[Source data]
----

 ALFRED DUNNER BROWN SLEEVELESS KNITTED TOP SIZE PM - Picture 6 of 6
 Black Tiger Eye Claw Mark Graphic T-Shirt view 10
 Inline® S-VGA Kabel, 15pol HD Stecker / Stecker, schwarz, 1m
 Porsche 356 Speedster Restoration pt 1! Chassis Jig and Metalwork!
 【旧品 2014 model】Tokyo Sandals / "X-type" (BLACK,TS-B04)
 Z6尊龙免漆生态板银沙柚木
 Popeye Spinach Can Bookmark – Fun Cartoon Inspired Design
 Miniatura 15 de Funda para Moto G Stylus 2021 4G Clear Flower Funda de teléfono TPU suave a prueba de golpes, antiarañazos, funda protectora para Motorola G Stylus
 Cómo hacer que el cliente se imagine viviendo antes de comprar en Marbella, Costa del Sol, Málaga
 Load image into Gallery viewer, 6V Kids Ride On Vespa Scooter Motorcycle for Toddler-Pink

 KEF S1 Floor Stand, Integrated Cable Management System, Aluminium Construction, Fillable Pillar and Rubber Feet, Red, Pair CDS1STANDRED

----

Problem requirements:
Would you please copy every line of the data exactly?

Output for this task:
 ALFRED DUNNER BROWN SLEEVELESS KNITTED TOP SIZE PM - Picture 6 of 6
 Black Tiger Eye Claw Mark Graphic T-Shirt view 10
 Inline® S-VGA Kabel, 15pol HD Stecker / Stecker, schwarz, 1m
 Porsche 356 Speedster Restoration pt 1! Chassis Jig and Metalwork!
 【旧品 2014 model】Tokyo Sandals / "X-type" (BLACK,TS-B04)
 Z6尊龙免漆生态板银沙柚木
 Popeye Spinach Can Bookmark – Fun Cartoon Inspired Design
 Miniatura 15 de Funda para Moto G Stylus 2021 4G Clear Flower Funda de teléfono TPU suave a prueba de golpes, antiarañazos, funda protectora para Motorola G Stylus
 Cómo hacer que el cliente se imagine viviendo antes de comprar en Marbella, Costa del Sol, Málaga
 Load image into Gallery viewer, 6V Kids Ride On Vespa Scooter Motorcycle for Toddler-Pink

 KEF S1 Floor Stand, Integrated Cable Management System, Aluminium Construction, Fillable Pillar and Rubber Feet, Red, Pair CDS1STANDRED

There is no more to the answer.